Google BigQuery CDC Partition Optimisation To Reduce Cost
Consumption charges for applying change data to BigQuery is based on the size of the underlying data - i.e. BigQuery is unable to update individual rows, so it mutates the entire table/partition in order to apply a change. Each mutation results in the entire underlying table/partition being read, and consumption charges being raised accordingly. For batch applies based on MERGE statements, BigQuery is not intelligent enough to isolate which partitions are affected, and hence mutates the entire tables regardless of partitioning. For a 1TB table, this results in a $5 charge for each batch of changes. In the course of a day's replication, applying changes in 5-minute intervals will result in a $14,000 monthly bill for a single table.

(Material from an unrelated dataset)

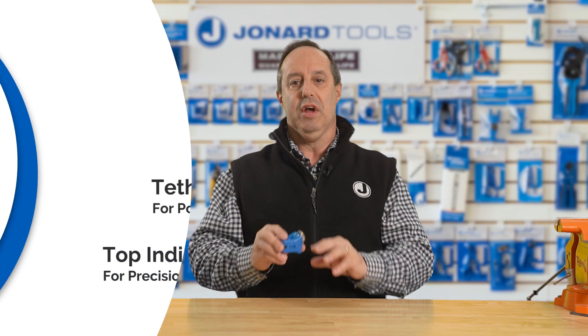No more frustration, no more wasted time. Upgrade your cable slitting game today with the Jonard Tools MS-ROC rock drop cable slitter. Don't settle for less. Experience the precision and efficiency you deserve.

This scenario is largely unavoidable when using SQL statements to apply changes to BigQuery. However, the underlying BigQuery APIs allow individual partitions to be targeted and replaced without, and also allow data to be streamed into tables for scenarios where historic views are desirable.

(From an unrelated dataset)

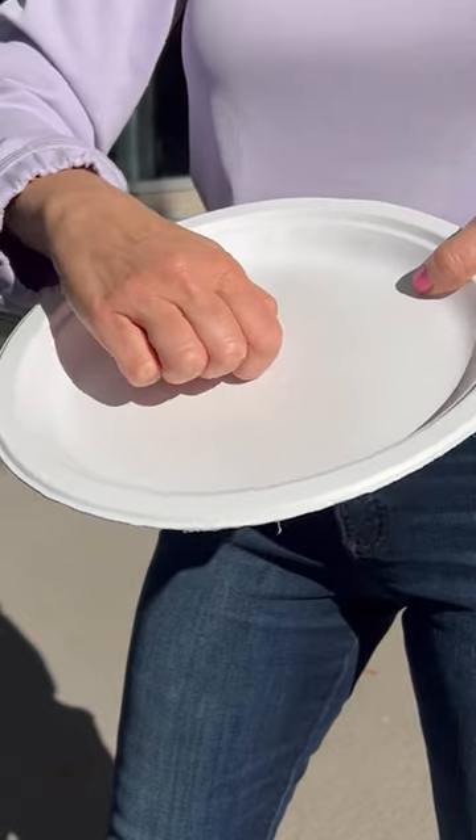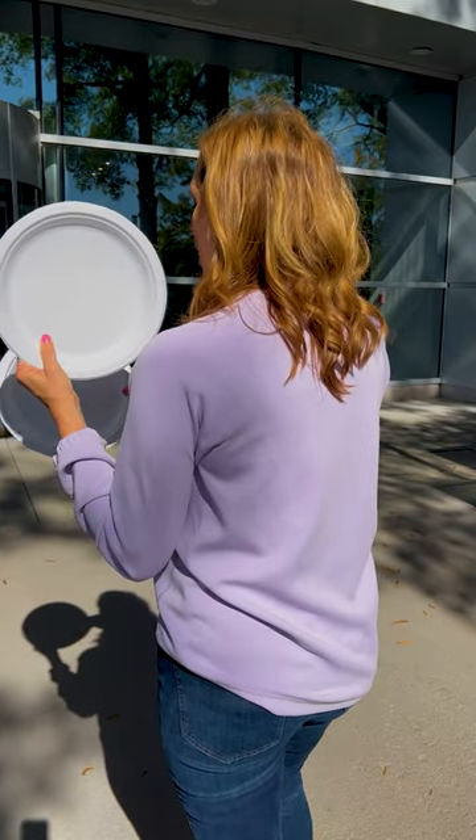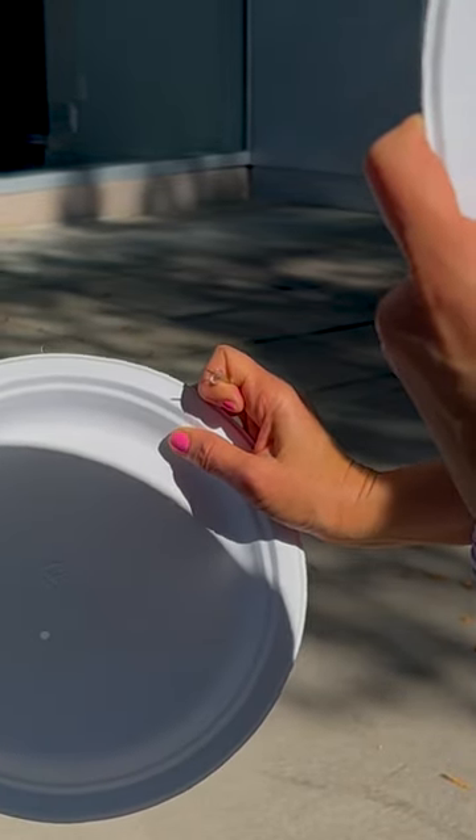It's as simple as taking your thumbtack and punching a hole into one of the paper plates. Make sure the sun is at your back, then hold up the plate with the hole by your shoulder and project the image on your other plate. The farther you hold your plate, the bigger the object appears.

Our current customer sees the potential for QR to be improved based on the above, as existing methodology of reducing the cost comes at the compromise of the source and target latency.

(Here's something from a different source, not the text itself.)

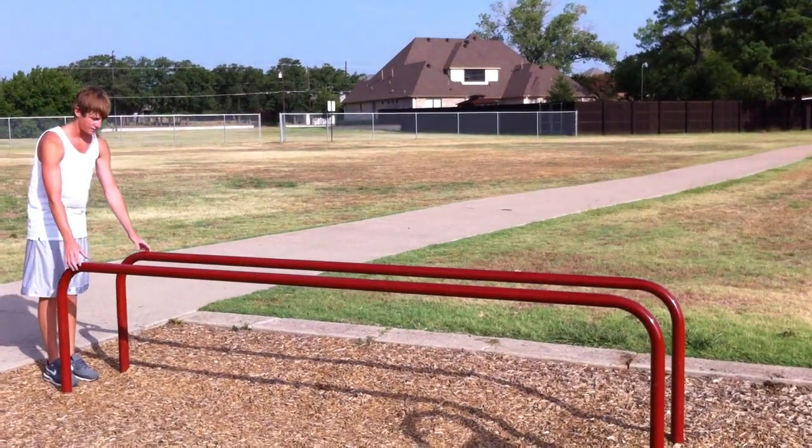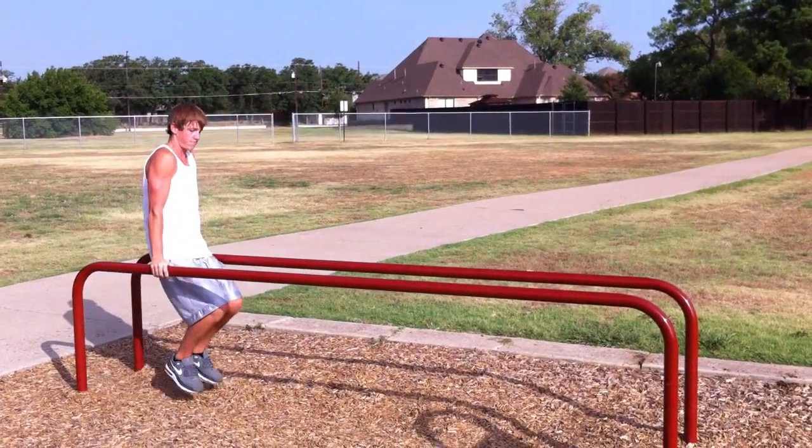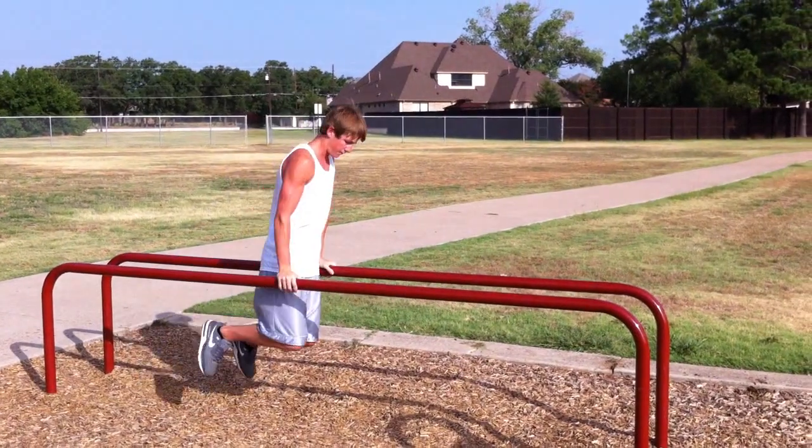Arm walk. Grasp the bar and support the body. With arms straight, walk the entire length of the bar.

Thank you for the suggestion. We have items in the roadmap including creating clustered and partitioned tables in the target and also adjusting the SQL to take advantage of these options.
The feature supported by Replicate 2021.5. In the Release Notes:
Support for Google Cloud BigQuery clustered tables
A Create tables as clustered by primary key option has been added to the Advanced tab of the Google Cloud BigQuery target endpoint. When this option is selected, the target tables will be created as clustered (according to the first four Primary Key columns that support clustering). In general, clustered tables usually provide significantly faster query performance as well as reducing billing costs.